Concerning point 2), it seems to us that the situation is a bit more complex than that. Indeed, the NNPDF2.3QED photon PDF was constrained mostly by Drell-Yan data at the LHC (since the constraints only from DIS structure functions were extremely loose). Therefore the right comparison would be at the level of PDF luminosities, rather than at the level of PDFs themselves. Note for example that in Fig. 3 of arXiv:1606.07130 the effects of the 3.0QED evolution actually lead to a small suppression of the photon PDF at large-x rather than an enhancement. This would be relevant for say the LHCb low-mass Drell-Yan data used in the NNPDF2.3QED fit, where one parton is at low-x and the other at small-x. So one should look at the kinematics of all hadronic datasets used in NNPDF2.3QED point by point to see how these differences in the evolution feed into the resulting photon, and this is rather complicated without doing the full fit. All in all, the only reason to conclusively set this point would be to redo NNPDF2.3QED with the same evolution as NNPDF3.0QED.

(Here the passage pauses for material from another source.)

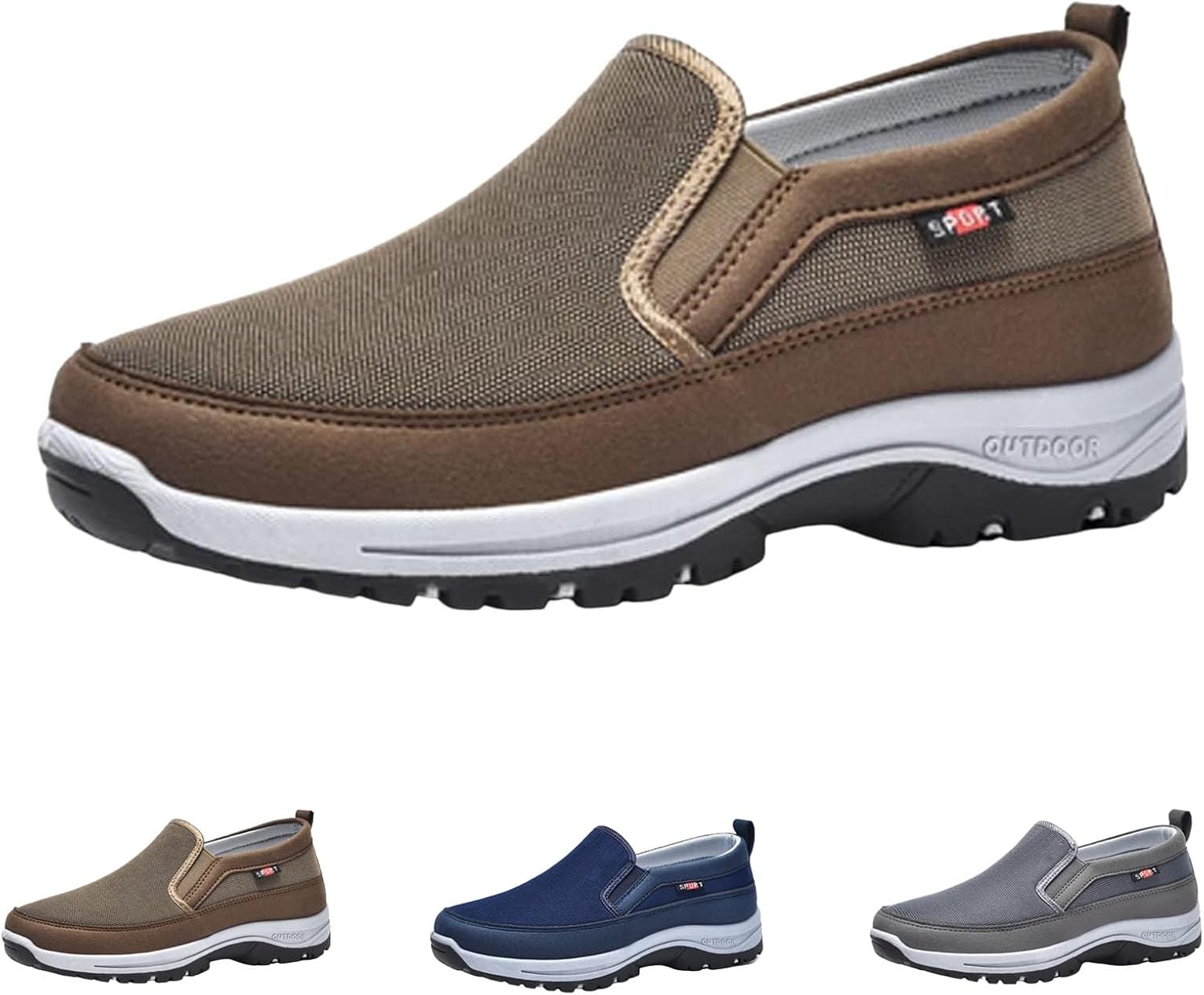 

Ортопедические туфли CNA Trop для мужчин, слипоны из холщовой ткани CNA Trop, мужские наружные походные ортопедические дышащие лоферы для ходьбы Generic, коричневый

In any case, as mentioned above, we agree with the referee that one cannot exclude other sources of difference between NNPDF2.3/3.0QED and NNPDF3.1luxQED, perhaps of methodological origin. We have made sure that this fact is properly reflected in the text so that there are no ambiguities.
We hope that with the modifications that we have carried out in the new revision of the paper, the referee will consider it suitable for publication in SciPost.
Anonymous on 2018-05-28 [id 261]
(in reply to Anonymous Comment on 2018-05-24 [id 257])Thank you for this update, I think this describes the situation more clearly. As you say, empirically one cannot claim 'consistency' in the sense that the PDF sets do indeed not agree for all x regions.
The remaining question is whether the sets are 'consistent' in the sense that, if the same theoretical framework for the evolution were used throughout, the results would be consistent. The point about the suppression at high x for the 3.0 (vs. 2.3) evolution is certainly a good one, although I personally still find it very hard to see how this sort of effect, which is clearly relatively mild, could lead to such a sizeable suppression in the 3.0QED photon at low x. Somehow it seems that there is something else methodological in the original 2.3QED case (after all a reweighting to a rather unconstraining dataset as we know) at play here. I may be wrong though.
In any case as we are all agreed this is beyond the scope of the current paper. I am completely happy with the updated version and offer no further comments or suggestions.